Momento di difficoltà per l’olio extravergine di oliva italiano. Se nelle scorse settimane avevamo annunciato con grande piacere l’aumento nei consumi di olio Dop, ora dobbiamo segnalare una notizia sicuramente meno positiva.
Nel rapporto di produzione e vendita 2006-2007, la bilancia commerciale ha fatto registrare un saldo decisamente negativo: 211 mila tonnellate e 214 milioni di euro in meno nel 2007 rispetto al 2006. Le ragioni della flessione, a detta del direttore di Unaprol Ranieri Filo della Torre, sono molteplici, a partire dalla pessima annata di produzione, fino all’aumento delle olive importate a basso costo da altri Paesi. Tra questi, fanno la parte del leone la Spagna con oltre il 50% delle quote di import, la Tunisia con il 22%, la Grecia con il 18% e la Siria con poco più del 2%. Inoltre, l’import di extravergine ha segnato un aumento del 28%, attestandosi al 70% dell’import totale.
Il problema grosso, secondo il presidente del Consorzio Olivicolo Italiano Massimo Gargano, è che l’olio importato viene comunque imbottigliato come Made in Italy, andando a favorire chi utilizza di olive a basso costo per aumentare i profitti (a discapito della qualità), e penalizzando chi ha intrapreso la strada della certificazione e della difesa dell’eccellente produzione nazionale.

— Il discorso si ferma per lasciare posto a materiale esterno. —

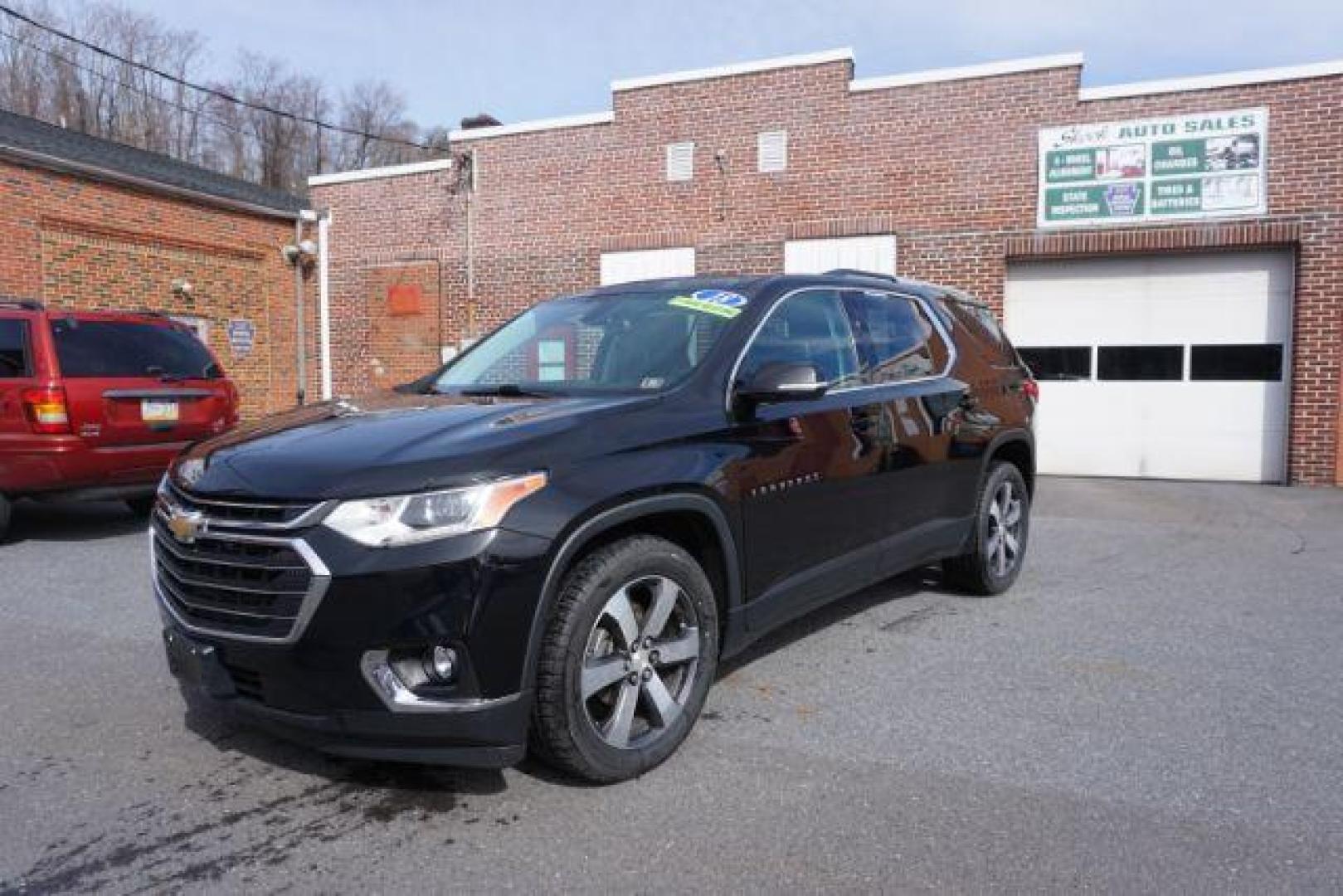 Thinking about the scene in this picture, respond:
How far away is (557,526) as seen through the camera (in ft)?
9.34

Anche per questo l’Italia segna una flessione del 17% nella produzione europea, andando a rappresentare solo più il 23% dell’intera produzione comunitaria.
A detta di Gargano, a questo punto diventano sempre più urgenti modificazioni all’attuale regolamentazione Ue, per favorire lo sviluppo di un comparto che da sempre è uno dei nostri fiori all’occhiello. Per il bene della nostra tavola e della nostra alimentazione.